* THE PROBLEM
Beginning with the first line and ending with the one containing "Parquet Flooring Installation: A DIY Guide", copy the lines of the listing below exactly; omit everything else.

* SUPPLIED RECORDS
>>
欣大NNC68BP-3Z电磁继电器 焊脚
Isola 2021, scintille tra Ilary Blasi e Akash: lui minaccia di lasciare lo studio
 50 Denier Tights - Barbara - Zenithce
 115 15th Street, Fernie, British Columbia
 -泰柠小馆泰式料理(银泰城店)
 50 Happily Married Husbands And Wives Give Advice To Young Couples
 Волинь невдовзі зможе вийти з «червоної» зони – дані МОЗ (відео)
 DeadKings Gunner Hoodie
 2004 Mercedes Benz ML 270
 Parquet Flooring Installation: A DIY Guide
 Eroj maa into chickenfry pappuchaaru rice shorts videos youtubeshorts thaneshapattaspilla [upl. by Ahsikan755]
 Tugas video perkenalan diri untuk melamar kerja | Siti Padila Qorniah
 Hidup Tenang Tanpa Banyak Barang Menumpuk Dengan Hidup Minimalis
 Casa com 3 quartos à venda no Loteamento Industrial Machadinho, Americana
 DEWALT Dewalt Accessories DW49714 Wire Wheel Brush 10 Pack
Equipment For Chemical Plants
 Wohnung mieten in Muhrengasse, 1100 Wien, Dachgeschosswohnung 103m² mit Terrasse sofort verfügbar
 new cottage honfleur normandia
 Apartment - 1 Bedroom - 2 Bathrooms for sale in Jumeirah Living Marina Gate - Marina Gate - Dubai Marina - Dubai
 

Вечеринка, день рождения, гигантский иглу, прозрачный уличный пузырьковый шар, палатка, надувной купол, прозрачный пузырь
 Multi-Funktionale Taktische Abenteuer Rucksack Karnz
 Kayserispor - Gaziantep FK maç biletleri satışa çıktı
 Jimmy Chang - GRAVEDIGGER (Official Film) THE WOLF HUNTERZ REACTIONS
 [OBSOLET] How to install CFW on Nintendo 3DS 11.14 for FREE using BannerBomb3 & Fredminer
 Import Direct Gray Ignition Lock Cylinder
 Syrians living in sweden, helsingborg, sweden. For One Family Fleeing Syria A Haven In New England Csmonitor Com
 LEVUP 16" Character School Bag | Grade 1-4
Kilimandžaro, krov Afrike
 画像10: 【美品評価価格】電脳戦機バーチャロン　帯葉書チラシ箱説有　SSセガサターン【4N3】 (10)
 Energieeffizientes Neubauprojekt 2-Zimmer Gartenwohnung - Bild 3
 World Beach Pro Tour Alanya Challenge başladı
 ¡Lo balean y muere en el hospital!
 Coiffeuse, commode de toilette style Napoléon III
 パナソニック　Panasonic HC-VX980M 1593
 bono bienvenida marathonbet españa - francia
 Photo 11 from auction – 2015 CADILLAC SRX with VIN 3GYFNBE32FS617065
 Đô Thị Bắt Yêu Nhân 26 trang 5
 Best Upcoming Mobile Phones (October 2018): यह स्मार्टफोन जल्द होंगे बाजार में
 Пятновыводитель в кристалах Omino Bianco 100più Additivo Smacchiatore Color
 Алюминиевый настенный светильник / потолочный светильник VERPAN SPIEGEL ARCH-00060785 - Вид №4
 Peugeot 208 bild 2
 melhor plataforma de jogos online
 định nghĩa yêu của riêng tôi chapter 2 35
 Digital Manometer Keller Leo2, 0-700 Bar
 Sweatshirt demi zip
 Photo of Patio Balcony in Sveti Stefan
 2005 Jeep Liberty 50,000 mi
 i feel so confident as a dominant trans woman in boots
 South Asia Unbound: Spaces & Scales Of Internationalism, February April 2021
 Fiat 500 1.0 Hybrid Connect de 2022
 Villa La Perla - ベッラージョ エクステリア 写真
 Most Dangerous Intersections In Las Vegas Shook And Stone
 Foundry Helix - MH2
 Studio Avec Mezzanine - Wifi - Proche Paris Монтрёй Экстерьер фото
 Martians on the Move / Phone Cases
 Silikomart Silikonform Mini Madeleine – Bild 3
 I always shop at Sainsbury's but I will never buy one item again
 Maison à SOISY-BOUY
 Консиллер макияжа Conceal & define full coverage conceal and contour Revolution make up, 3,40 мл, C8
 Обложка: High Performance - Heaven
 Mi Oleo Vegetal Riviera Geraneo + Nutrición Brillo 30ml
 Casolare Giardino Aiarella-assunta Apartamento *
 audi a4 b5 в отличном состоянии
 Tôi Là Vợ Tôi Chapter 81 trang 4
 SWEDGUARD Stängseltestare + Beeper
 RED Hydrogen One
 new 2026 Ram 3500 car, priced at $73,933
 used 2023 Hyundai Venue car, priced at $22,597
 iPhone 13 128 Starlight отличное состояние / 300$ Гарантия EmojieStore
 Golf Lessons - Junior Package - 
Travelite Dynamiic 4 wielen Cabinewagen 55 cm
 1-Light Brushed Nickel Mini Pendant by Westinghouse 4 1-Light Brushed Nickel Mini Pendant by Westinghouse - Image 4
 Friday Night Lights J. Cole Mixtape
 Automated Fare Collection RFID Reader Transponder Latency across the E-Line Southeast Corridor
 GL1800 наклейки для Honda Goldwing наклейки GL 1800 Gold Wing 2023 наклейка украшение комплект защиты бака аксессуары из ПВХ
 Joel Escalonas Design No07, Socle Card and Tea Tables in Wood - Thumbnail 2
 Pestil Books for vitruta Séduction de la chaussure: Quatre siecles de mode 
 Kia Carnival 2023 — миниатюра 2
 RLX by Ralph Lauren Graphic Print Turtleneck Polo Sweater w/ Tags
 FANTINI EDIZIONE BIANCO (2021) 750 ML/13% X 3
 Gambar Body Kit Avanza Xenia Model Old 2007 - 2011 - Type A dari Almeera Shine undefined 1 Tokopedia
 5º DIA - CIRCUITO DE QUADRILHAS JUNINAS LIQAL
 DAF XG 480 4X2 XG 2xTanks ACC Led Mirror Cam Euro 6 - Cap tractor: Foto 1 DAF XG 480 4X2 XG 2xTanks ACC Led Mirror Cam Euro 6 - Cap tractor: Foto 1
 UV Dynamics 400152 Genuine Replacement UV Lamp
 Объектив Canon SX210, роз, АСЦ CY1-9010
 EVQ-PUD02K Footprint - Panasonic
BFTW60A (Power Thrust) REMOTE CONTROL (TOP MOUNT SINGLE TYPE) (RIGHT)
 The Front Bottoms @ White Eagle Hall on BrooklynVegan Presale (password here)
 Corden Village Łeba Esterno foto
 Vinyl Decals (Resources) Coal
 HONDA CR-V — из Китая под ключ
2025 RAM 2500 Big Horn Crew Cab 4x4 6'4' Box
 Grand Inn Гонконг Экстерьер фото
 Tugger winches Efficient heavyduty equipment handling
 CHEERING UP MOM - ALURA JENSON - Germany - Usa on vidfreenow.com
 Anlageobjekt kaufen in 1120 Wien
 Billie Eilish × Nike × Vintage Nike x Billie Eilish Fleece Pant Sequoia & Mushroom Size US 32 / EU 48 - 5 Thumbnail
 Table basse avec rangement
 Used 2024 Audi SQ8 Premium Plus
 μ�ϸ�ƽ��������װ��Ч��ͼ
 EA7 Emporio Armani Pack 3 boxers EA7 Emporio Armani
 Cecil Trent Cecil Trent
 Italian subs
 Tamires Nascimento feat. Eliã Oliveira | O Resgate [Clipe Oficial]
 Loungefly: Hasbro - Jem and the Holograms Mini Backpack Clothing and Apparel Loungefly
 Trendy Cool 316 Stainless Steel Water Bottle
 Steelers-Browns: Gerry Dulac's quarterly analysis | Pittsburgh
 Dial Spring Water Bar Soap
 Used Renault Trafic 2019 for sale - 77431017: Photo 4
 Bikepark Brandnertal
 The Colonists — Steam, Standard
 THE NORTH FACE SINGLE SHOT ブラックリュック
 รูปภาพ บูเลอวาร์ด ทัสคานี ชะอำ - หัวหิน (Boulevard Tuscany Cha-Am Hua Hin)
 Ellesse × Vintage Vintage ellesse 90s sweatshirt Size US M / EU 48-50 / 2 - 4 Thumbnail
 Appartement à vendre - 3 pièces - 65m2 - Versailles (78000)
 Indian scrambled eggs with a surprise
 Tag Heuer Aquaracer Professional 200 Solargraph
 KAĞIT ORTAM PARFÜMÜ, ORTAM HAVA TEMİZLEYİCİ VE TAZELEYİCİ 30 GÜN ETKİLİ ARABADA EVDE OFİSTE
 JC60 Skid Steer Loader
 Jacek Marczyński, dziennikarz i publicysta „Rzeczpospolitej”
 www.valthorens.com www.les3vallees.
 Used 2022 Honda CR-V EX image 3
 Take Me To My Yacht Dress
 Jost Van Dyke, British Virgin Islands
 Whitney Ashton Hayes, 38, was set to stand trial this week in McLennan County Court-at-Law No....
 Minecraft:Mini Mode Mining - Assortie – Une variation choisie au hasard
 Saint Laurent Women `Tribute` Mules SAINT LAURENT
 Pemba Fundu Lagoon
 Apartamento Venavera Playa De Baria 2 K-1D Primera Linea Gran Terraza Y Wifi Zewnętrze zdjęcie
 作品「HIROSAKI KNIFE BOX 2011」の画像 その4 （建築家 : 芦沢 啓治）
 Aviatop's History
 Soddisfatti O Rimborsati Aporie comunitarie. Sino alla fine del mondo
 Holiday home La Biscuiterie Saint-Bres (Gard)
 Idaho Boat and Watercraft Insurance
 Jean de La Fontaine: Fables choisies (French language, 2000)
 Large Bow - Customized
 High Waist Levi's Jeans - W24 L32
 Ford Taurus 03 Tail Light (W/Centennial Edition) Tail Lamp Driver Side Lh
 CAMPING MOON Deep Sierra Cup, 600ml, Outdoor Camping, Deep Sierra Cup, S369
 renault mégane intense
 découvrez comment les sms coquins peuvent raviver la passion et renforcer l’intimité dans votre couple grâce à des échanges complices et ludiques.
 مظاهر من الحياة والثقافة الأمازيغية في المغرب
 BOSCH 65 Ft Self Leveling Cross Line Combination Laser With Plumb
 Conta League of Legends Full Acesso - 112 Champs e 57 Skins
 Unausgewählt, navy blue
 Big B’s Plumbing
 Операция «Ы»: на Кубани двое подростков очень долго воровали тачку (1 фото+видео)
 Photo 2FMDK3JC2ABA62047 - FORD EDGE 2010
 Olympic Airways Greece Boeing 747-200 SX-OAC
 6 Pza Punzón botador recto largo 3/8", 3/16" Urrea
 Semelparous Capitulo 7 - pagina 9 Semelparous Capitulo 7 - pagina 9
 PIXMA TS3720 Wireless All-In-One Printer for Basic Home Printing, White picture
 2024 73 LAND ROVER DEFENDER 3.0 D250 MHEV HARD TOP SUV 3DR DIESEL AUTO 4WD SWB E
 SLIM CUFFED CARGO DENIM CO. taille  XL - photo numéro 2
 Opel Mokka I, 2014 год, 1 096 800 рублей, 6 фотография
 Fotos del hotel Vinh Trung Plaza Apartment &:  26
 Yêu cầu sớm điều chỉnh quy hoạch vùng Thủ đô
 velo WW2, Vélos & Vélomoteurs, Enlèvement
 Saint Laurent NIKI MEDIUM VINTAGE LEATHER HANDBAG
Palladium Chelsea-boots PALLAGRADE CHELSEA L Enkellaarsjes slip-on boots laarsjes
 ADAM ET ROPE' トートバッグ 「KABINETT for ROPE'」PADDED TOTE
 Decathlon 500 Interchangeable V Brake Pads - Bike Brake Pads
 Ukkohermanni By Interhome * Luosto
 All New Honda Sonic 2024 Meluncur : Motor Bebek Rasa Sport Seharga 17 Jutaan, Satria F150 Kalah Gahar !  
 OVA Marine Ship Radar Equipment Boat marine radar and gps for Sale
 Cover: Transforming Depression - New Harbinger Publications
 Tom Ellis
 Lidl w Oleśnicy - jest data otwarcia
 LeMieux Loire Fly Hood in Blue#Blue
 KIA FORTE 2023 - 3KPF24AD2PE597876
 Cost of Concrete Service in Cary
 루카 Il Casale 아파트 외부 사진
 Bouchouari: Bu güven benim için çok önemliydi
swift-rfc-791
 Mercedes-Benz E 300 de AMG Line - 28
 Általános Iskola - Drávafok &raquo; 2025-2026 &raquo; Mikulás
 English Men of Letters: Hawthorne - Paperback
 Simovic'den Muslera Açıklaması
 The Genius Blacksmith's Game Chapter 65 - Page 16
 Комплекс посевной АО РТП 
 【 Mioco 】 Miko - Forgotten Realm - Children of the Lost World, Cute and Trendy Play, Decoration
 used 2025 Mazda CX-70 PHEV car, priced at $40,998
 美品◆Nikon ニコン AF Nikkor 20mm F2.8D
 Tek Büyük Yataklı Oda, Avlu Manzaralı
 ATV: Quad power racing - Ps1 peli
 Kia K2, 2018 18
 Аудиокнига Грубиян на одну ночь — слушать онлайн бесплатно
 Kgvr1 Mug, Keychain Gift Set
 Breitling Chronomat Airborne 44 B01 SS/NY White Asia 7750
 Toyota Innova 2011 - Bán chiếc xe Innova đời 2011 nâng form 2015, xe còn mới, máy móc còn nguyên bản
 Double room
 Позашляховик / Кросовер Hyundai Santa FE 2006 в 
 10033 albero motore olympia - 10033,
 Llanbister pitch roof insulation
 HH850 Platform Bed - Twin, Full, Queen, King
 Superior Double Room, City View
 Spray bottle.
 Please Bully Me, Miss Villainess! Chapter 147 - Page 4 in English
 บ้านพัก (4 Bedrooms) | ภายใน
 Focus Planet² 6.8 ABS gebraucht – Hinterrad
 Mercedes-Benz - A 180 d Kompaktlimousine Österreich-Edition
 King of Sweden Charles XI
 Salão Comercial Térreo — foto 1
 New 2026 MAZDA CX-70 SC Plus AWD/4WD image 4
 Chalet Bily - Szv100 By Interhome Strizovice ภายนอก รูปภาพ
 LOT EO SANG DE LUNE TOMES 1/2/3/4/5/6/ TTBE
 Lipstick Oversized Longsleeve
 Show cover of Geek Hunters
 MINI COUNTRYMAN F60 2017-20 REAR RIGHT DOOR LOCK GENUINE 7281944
<<
* SOLVED PROBLEM
欣大NNC68BP-3Z电磁继电器 焊脚
Isola 2021, scintille tra Ilary Blasi e Akash: lui minaccia di lasciare lo studio
 50 Denier Tights - Barbara - Zenithce
 115 15th Street, Fernie, British Columbia
 -泰柠小馆泰式料理(银泰城店)
 50 Happily Married Husbands And Wives Give Advice To Young Couples
 Волинь невдовзі зможе вийти з «червоної» зони – дані МОЗ (відео)
 DeadKings Gunner Hoodie
 2004 Mercedes Benz ML 270
 Parquet Flooring Installation: A DIY Guide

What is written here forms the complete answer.